Wenn die Gasthäuser Des Teufels Zahnbürste oder Zum Grauen Laubfrosch heißen. Wo man, bevor die Nacht in ihre Rechte tritt, dem leckeren Schmaus volle Gerechtigkeit widerfahren läßt – als das Jahrhundert noch Säkulum und das Jahrfünft noch Lustrum hieß. Und sich die Dichter noch nicht Hanns-Josef, sondern Johann Nepomuk oder Adelbert nannten.
Auf pittoreske Schauplätze, auf Traumreiche wie Apapurincasiquinitschchiquisaqua, Nester wie Lollenfinken und Bächlein wie Pluderbach muss, wer neue Literatur liest, natürlich verzichten. Trotzdem habe ich mich, angelockt von einer Fülle moderner Kindheits- und Jugendromane, zu einem Selbstversuch entschlossen und mich zu einer vorösterlichen Fastenzeit „verortheilt“ (Jörg Schröder).
Denn soviel Kindheit war nie. Ein Schwall von Bildungsromanen ergießt sich in die Haushalte, und auf den Nacht- und Spülkästen türmen sich die Schertenleibs, Wawerzineks und Wysockis. Doch was ist`s mit der neuen Welle? Ich habe versucht, mich einzulesen und mir prompt – am ersten, preisgekrönten Werk – eine blutige Nase geholt. Beim dritten Versuch hatte ich mehr Glück. Aber der Reihe nach …

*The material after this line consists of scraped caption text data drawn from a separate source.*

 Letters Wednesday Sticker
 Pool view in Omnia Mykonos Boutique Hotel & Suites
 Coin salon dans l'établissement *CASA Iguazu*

„Piepmatz-Hirnchen“ und „Schleimgesichtchen“
Gleich vorn auf Seite sieben, unmittelbar nach einem erhebenden Kleist-Zitat, setzt ein, was der Autor „den Anhub des Missgeschicks“ nennt. Irgendwas wird „aufgefleischt“, und „unter der Saugglocke des Schocks“ läuft dem „Älteren Bruder“ „eine Wabe seiner Seele aus“. Und schon sind wir im „Sog einer großen Lektüre“ („Deutschlandradio Kultur“).
„Wer seine Nase in die Falten des geblümten Kleides drückt und sich dann wie ein Tier, wie Hund, Katz, Marder oder Bär, dem Schnüffeln überläßt, darf riechen, daß der Schicken Sibylle unter dem festen Kleinmädchenspeck nichts Geringeres als ein Busen schwillt.“ Mit diesem Versprechen entläßt uns das erste Kapitel. Roman unserer Kindheit hat Georg Klein in schwarz-roter Warnfarbe auf den Schutzumschlag schreiben lassen, und sich als Ich-Erzähler „ein schlimmes Früchtchen“ ausgedacht. „Ein ganz besonderes Leibesfrüchtchen ist das“, wie die „Welt am Sonntag“ erläutert, eins, „das mit allen Fruchtwassern der Literaturtheorie gewaschen wurde“.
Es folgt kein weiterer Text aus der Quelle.